START GIVEN DATA
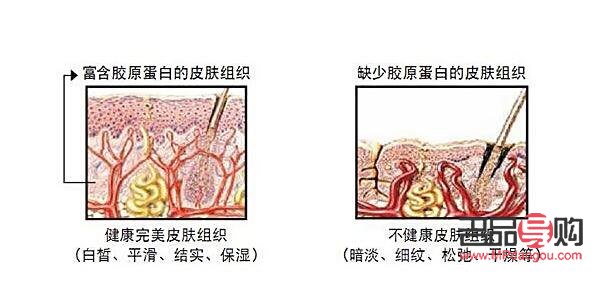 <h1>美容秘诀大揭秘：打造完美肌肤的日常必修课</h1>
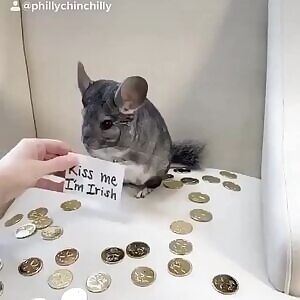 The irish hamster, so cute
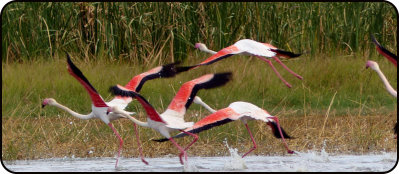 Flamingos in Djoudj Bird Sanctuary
END GIVEN DATA
START GIVEN DATA
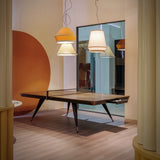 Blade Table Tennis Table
END GIVEN DATA
TASK INSTRUCTIONS> Find the line with "The irish hamster, so cute" and the line with "Flamingos in Djoudj Bird Sanctuary" in the records above. Copy both and all lines between them exactly, without pictures.

RESULT FOR THIS EXERCISE>
 The irish hamster, so cute
 Flamingos in Djoudj Bird Sanctuary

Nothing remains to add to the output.